If we want to move the entire table, we grab the tableGroup object. However, if we want to move just the top we can still grab the top object. Each level of the hierarchy has its own local coord system.
The structure of a human is more complicated:
Creating an appropriate hierarchy is particularly important when it comes to animating an object or character. And, given a hierarchical model, there are several approaches one can take. Forward kinematics (or just kinematics) are rules for motion based on the physics and the geometry of rigid objects connected with constrained joints. Given the beginning position and a rule of motion (e.g. move right with speed 10), the animation can be generated without the need for keyframing. Forward kinematics can be problematic when animating a person because you are often want to specify the final position (e.g. of a hand) rather than the initial position with rules of motion.
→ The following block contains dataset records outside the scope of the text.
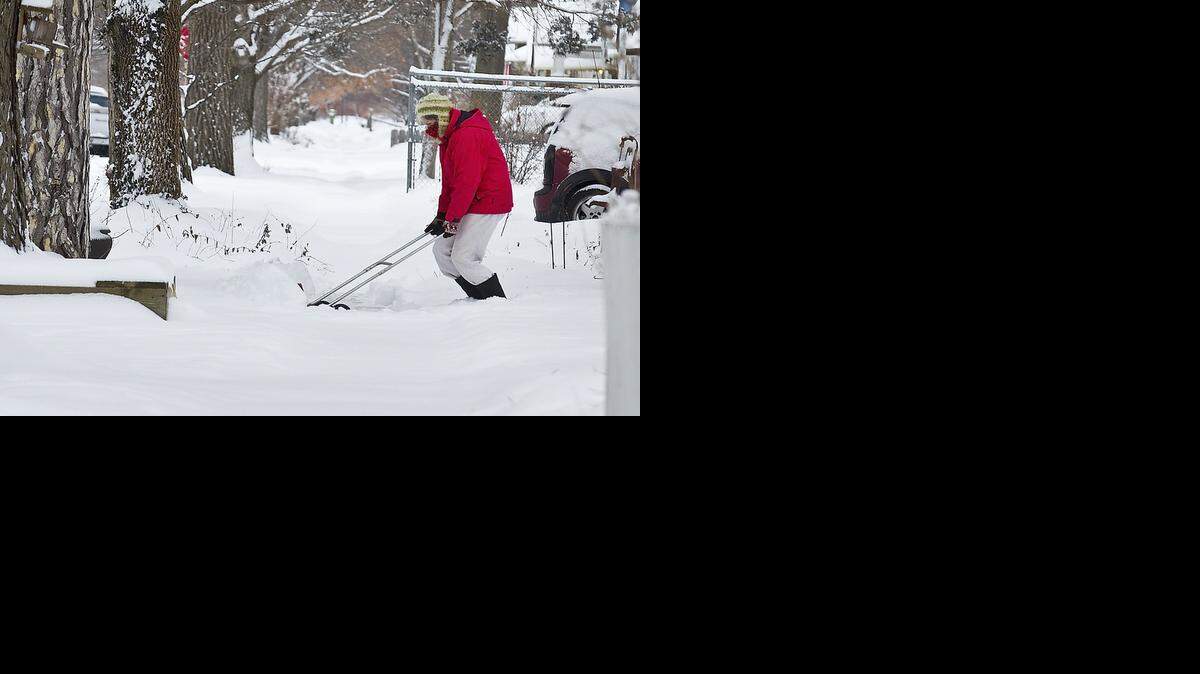 
Joann Ryan uses a hand-operated snow plow to clear her Riverside sidewalk in February. Forecasters are predicting more snow than average in Wichita this winter.
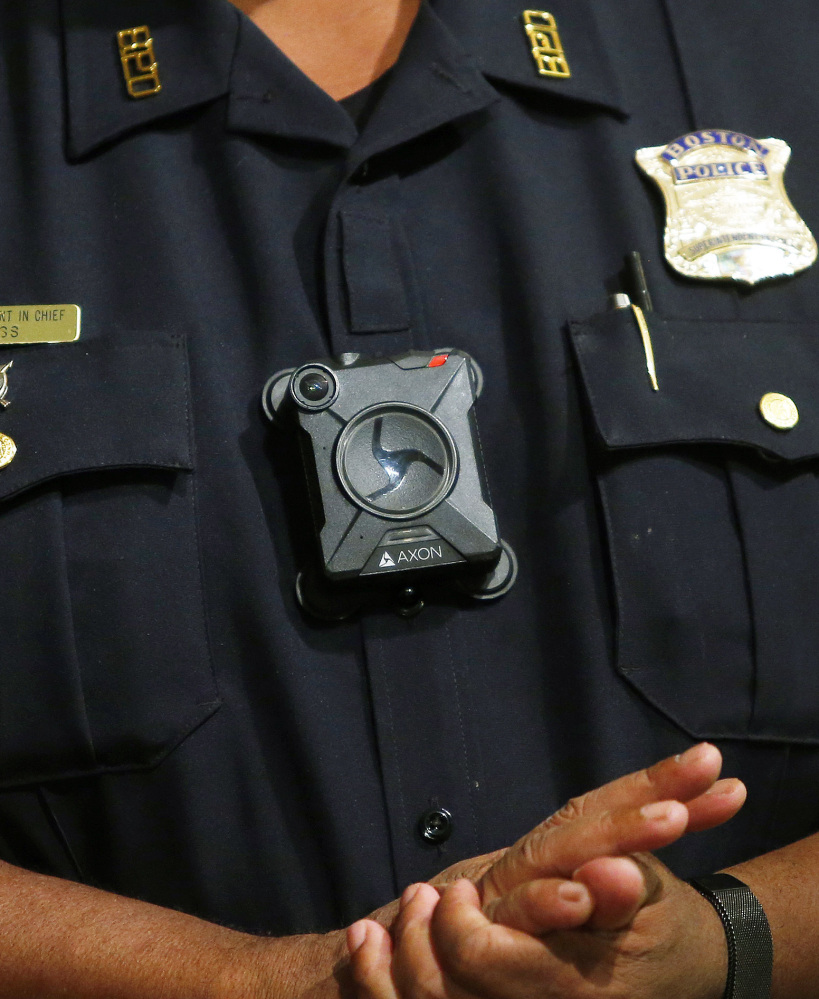 Boston Police Superintendent-in-Chief William Gross wears a body camera at a Sept. 12 news conference. Researchers said a study meant to assess the six-month pilot is not yet underway, and police haven't provided updates three months in, civil rights groups said.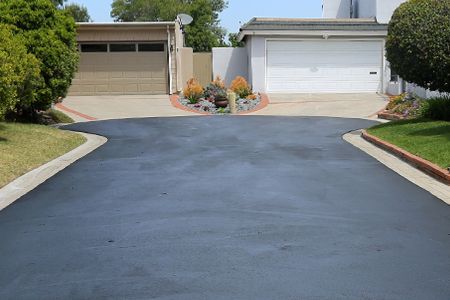Paved driveway leading to two garages, flanked by green lawns.
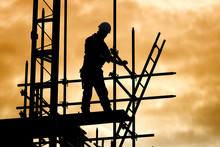 Silhouette Construction Worker On Scaffolding Building Site
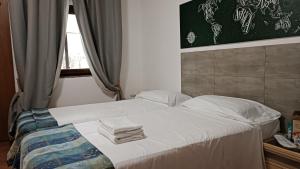 a bed with two towels on it in a bedroom at EURO HOUSE INN airport in Fiumicino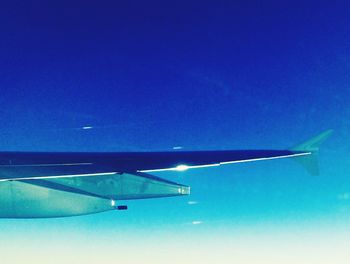 Cropped image of airplane flying over blue sky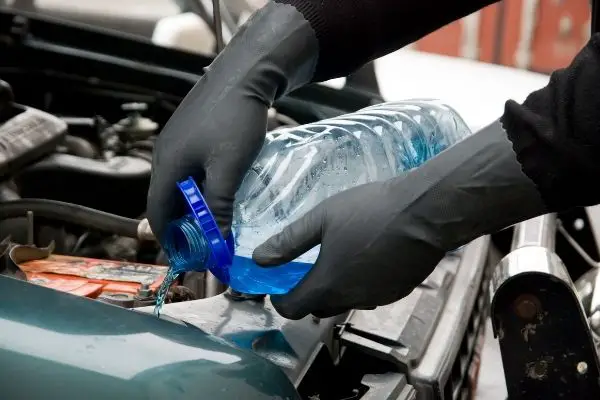 Pouring Automotive Fluid In Car Machine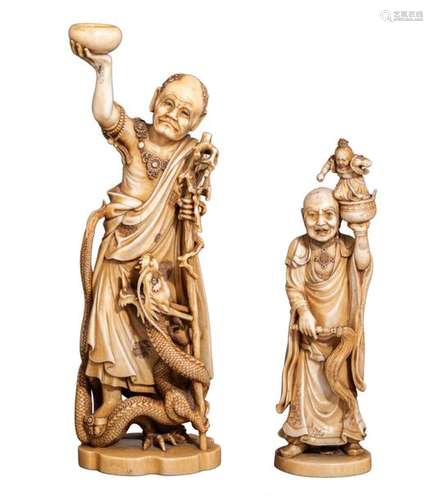 Two Japanese ivory 'Arhat' figures, decorated with…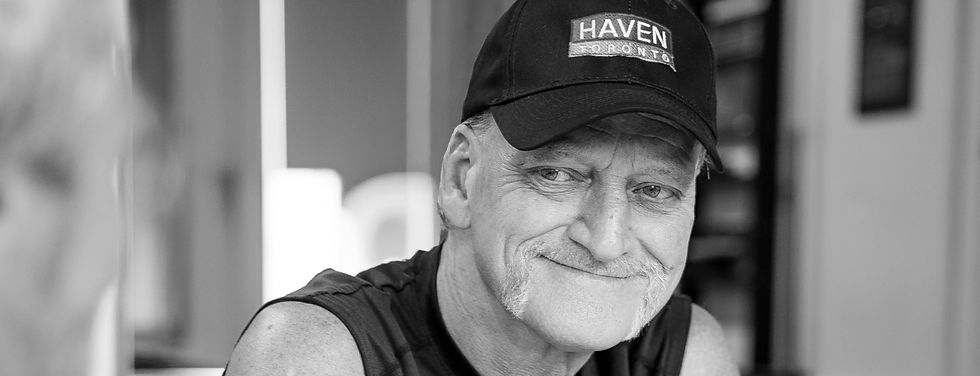 Howie, a Haven Toronto client, smiling while playing cards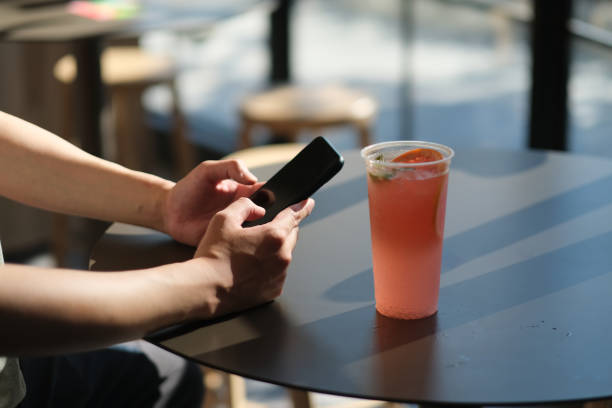 istock man's hand using smart phone in cafe, with a cup of cold drink on table 1266456034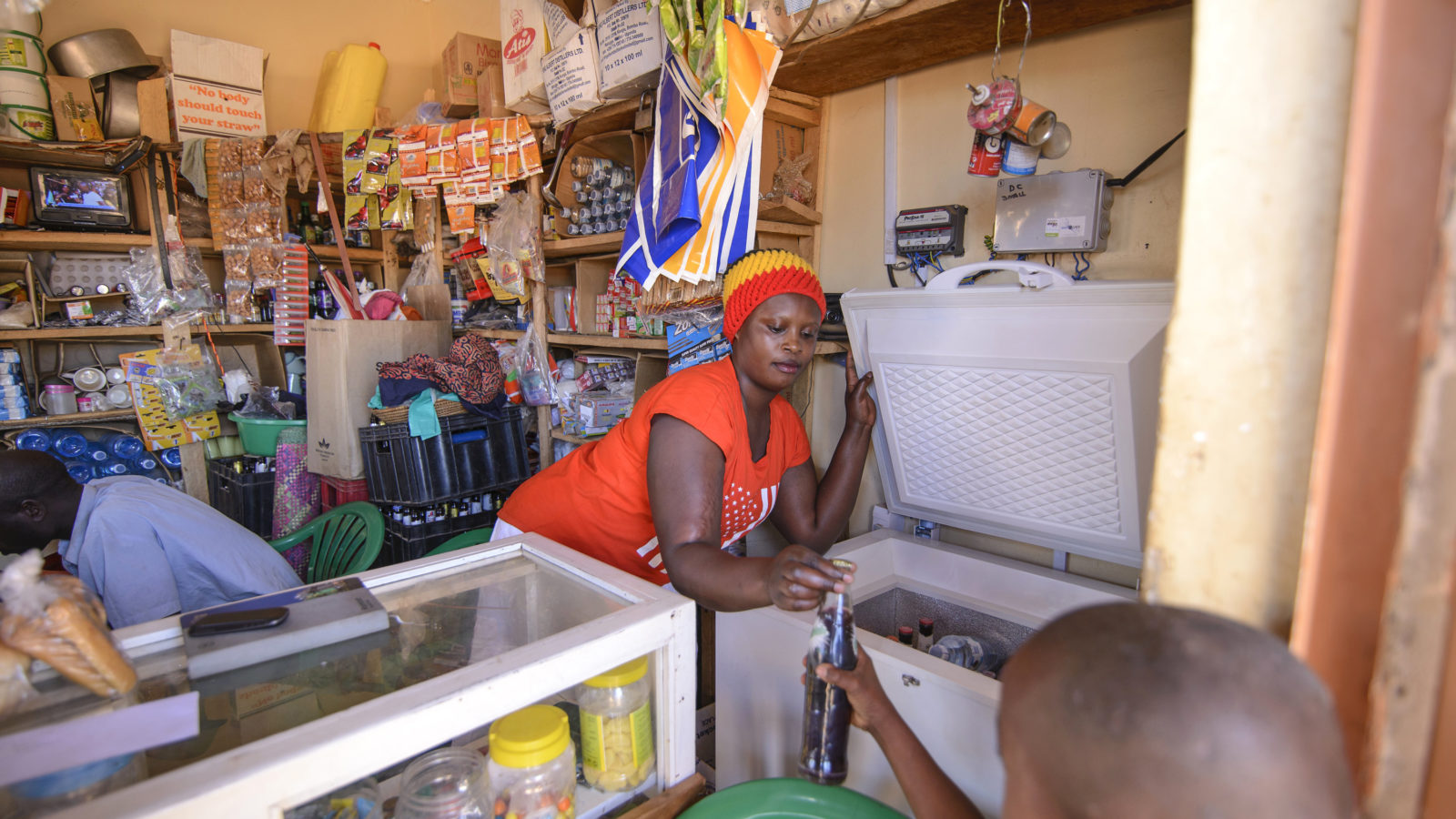 A black woman in her store, leans over the counter to hand a child a cool bottle of soda from her fridge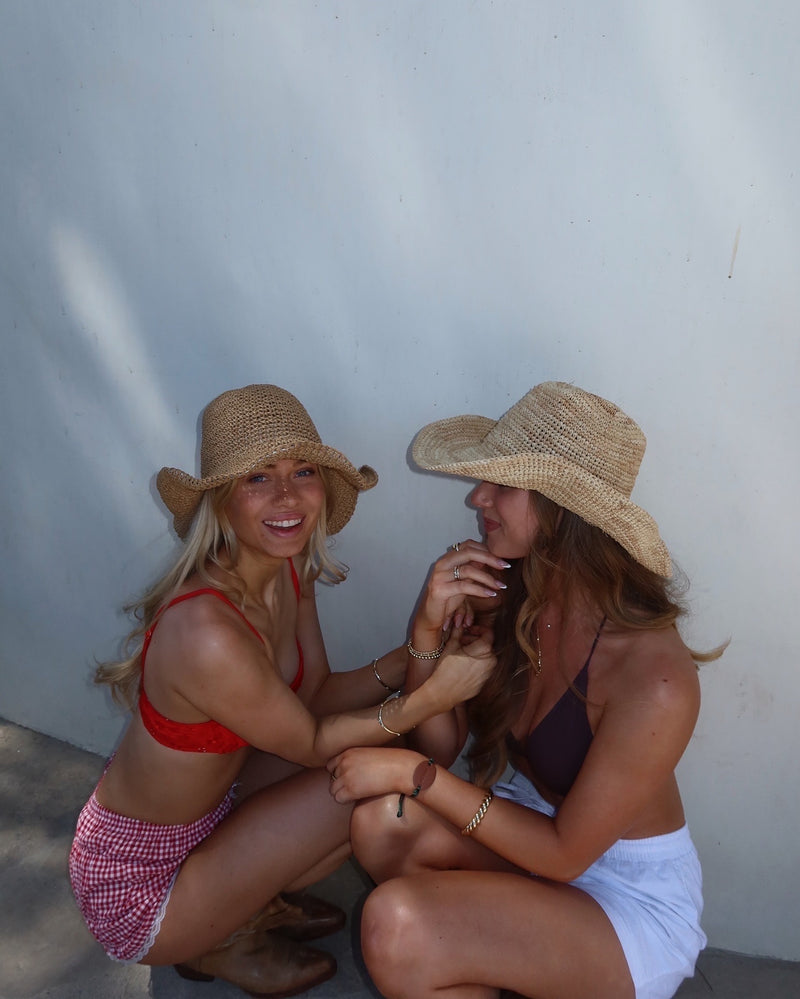 Two girls wearing bikinis and cowboy hats crouching down and smiling, looking very tanned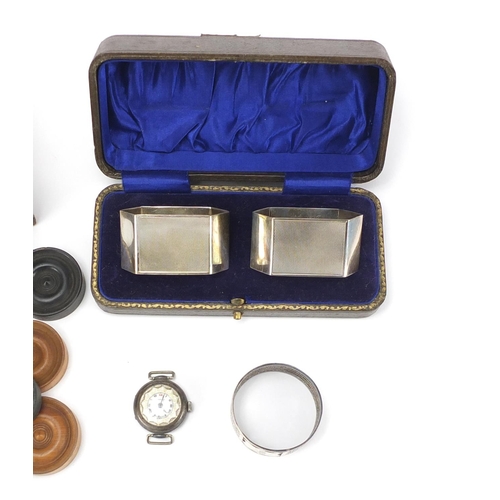 270 - Miscellaneous items comprising boxed pair of silver napkin rings, circular silver napkin, silver lad...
Consider animating an arm with a shoulder, elbow, and hand. Using forward kinematics, you first set the position of the shoulder, the elbow (wrt the shoulder), the hand (wrt the elbow). Moving the shoulder effects how the elbow moves, which in turn effects how the hand moves.
Yet it is more intuitive to think in reverse. That is, we first decide where we want the hand and then the rest of the arm moves in whatever way is necessary to get the hand to where it wants to go, assuming it is physically possible. The "goal" of the action is determined by desired location of the hand. The technique called inverse kinematics uses this reverse approach where the position of the hand (effector) guides the movement of the shoulder and elbow. However, the normal hierarchical constraints are still in place. This is not a simple problem to solve. For example, it is often it is underconstrained meaning that there may be more than one solution. For example if you move your hand from point A to point B, there may be many ways the shoulder and elbow could move to accomadate the hand motion. Some solutions are more "realistic" than others. It is important to include contraints on the motion to limit the possible choices.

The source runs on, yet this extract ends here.